**What is required:**
For the entries below, return every line from the top through the line with "Votantes en un" exactly as it stands, omitting pictures.

[[ Supplied data, beginning ]]

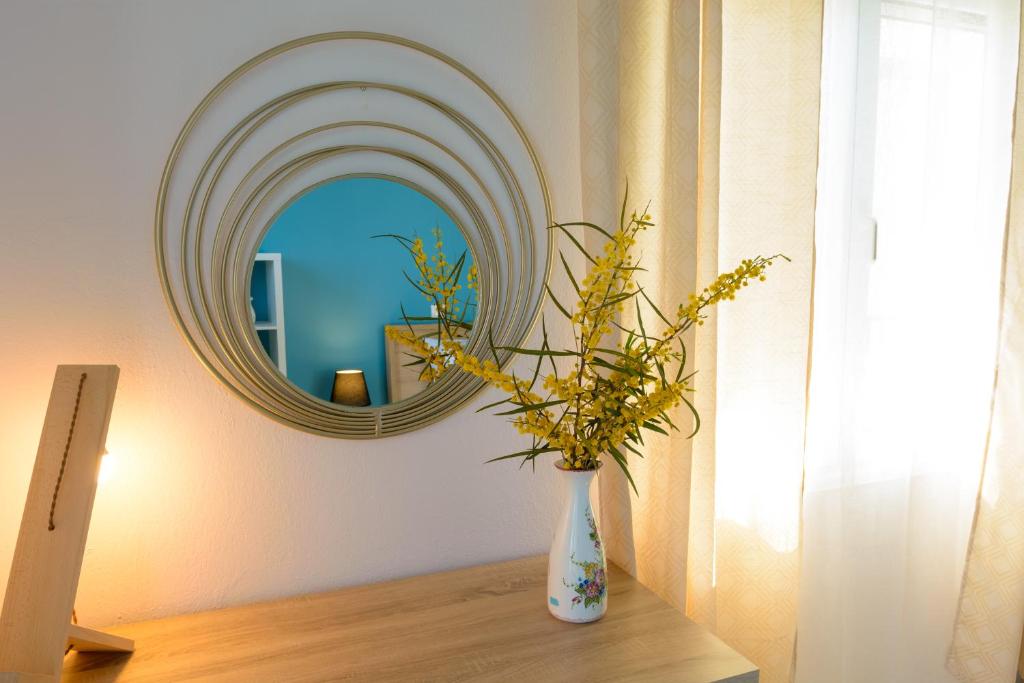 Margarita's Seafront Luxury Apartment photo 3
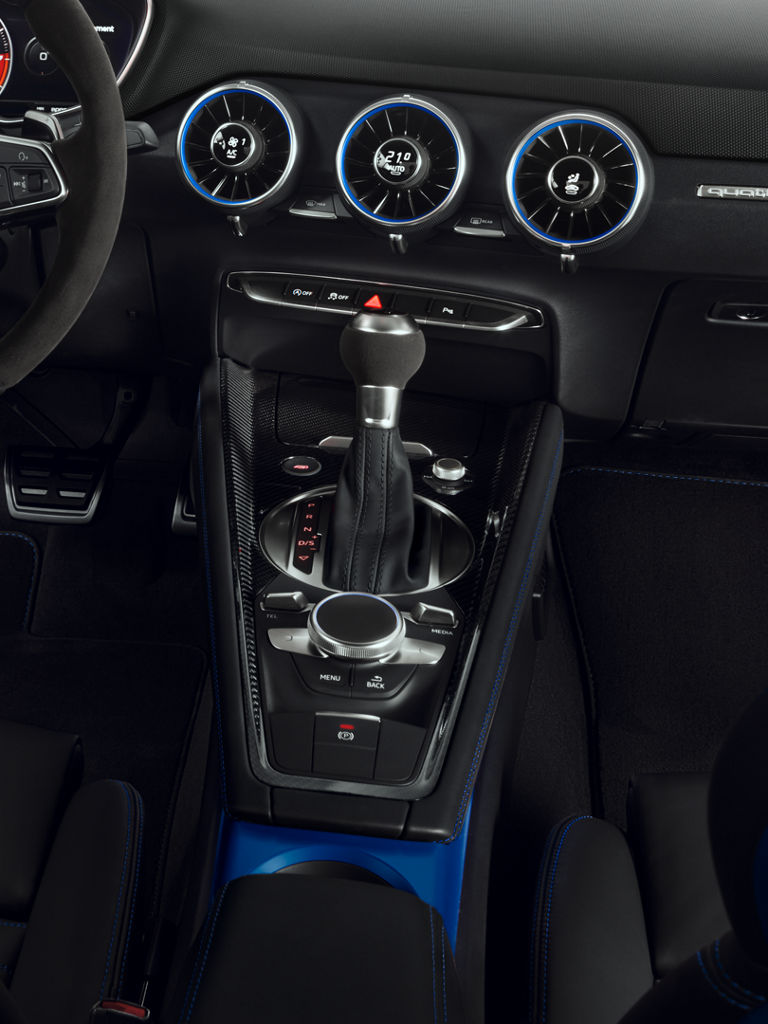 Audi TT RS Entertainment 
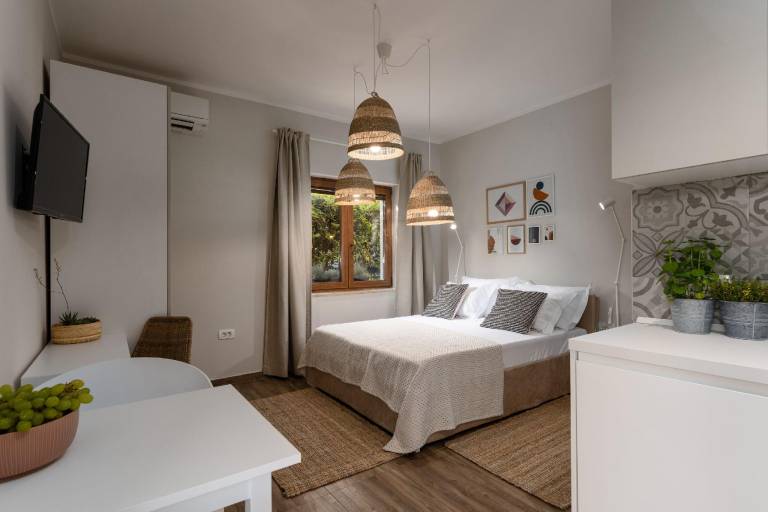 Holiday apartment with terrace — photo 2
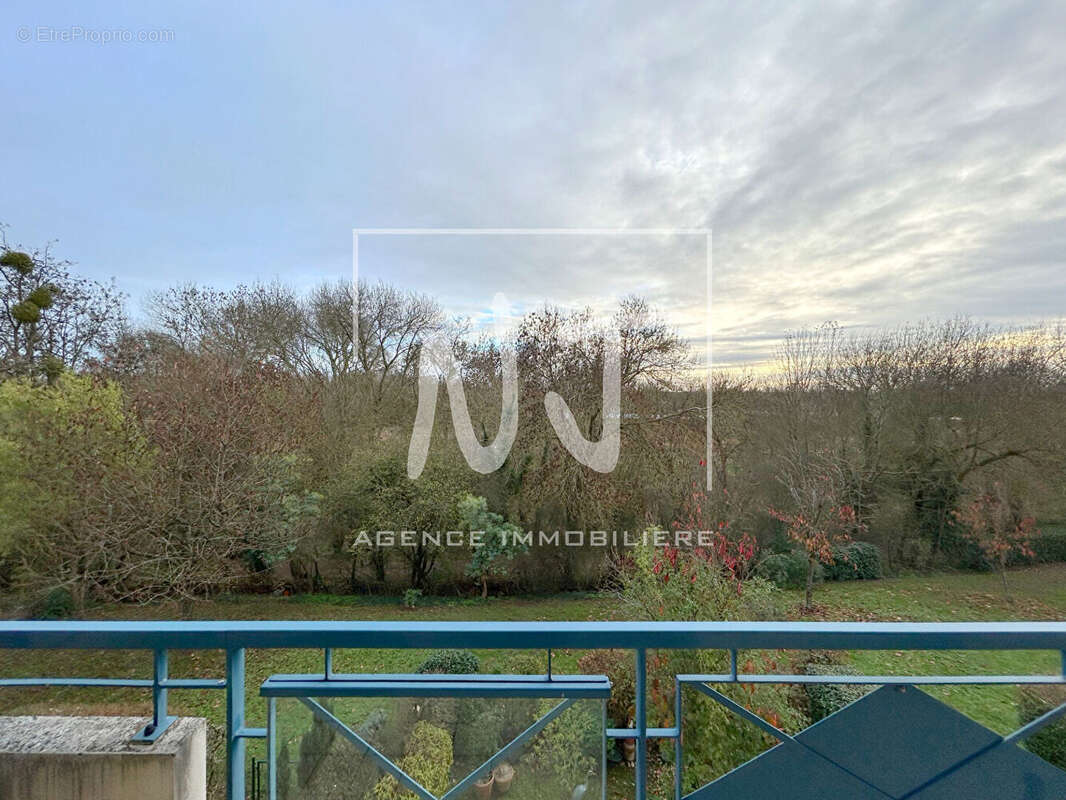 Appartement à LES PONTS-DE-CE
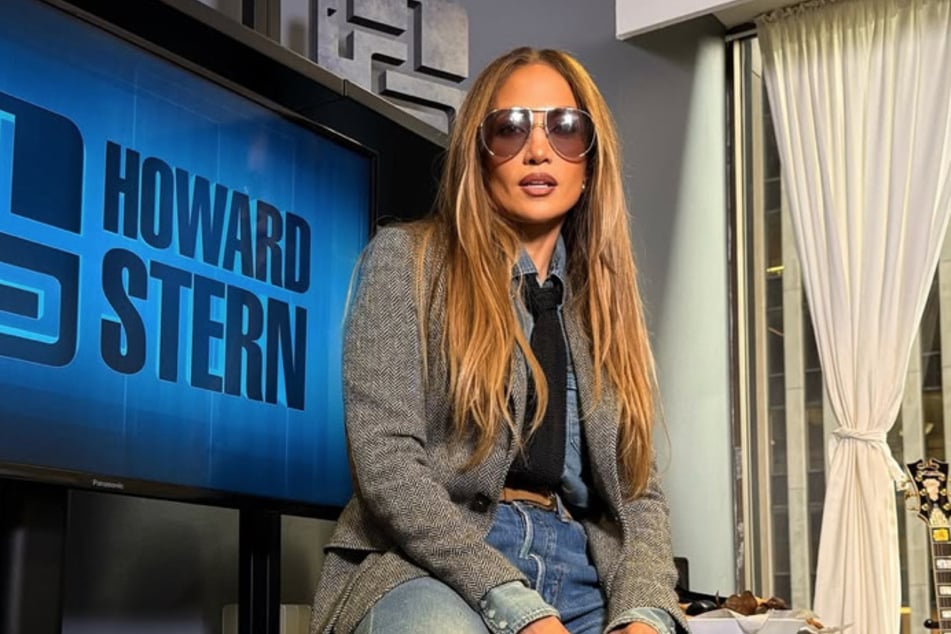 Jennifer Lopez says that her none of her exes were "capable" of loving her in her vulnerable interview with Howard Stern.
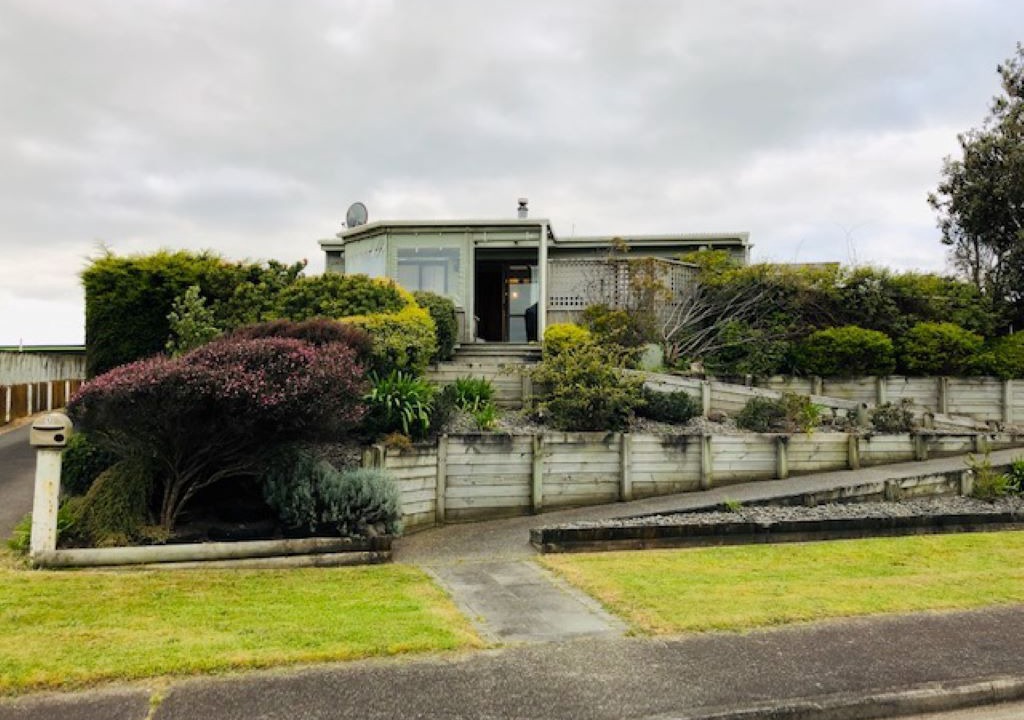 Waitarere Beach House | Holiday House with additional Sleepout to Rent Separately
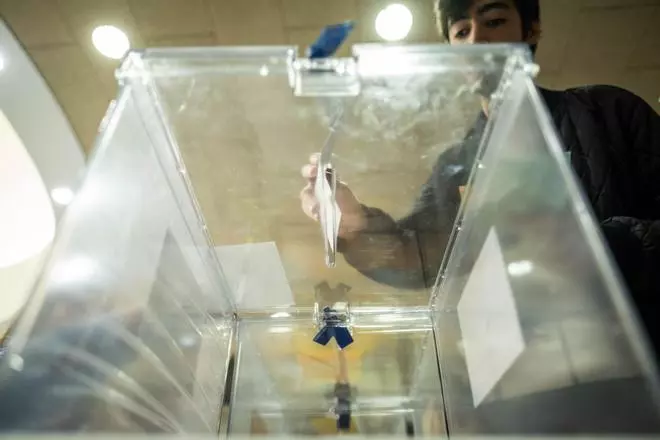 Votantes en un colegio electoral de Santa Cruz de Tenerife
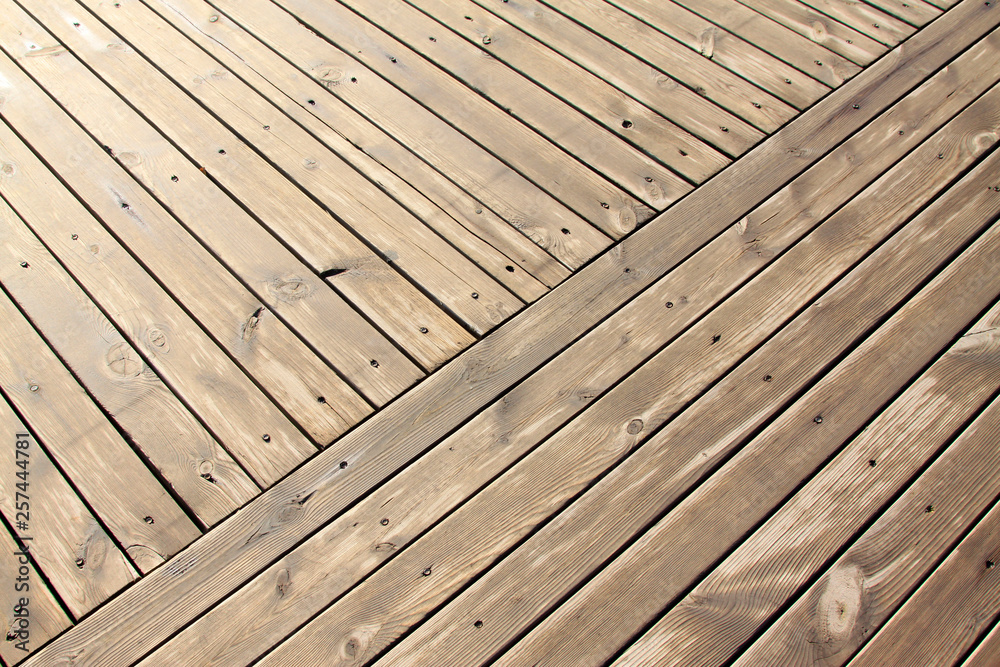 damp wood splice together damp wood splice together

[[ Supplied data, end ]]

**Exercise result:**
 Margarita's Seafront Luxury Apartment photo 3
 Audi TT RS Entertainment 
 Holiday apartment with terrace — photo 2
 Appartement à LES PONTS-DE-CE
 Jennifer Lopez says that her none of her exes were "capable" of loving her in her vulnerable interview with Howard Stern.
 Waitarere Beach House | Holiday House with additional Sleepout to Rent Separately
 Votantes en un colegio electoral de Santa Cruz de Tenerife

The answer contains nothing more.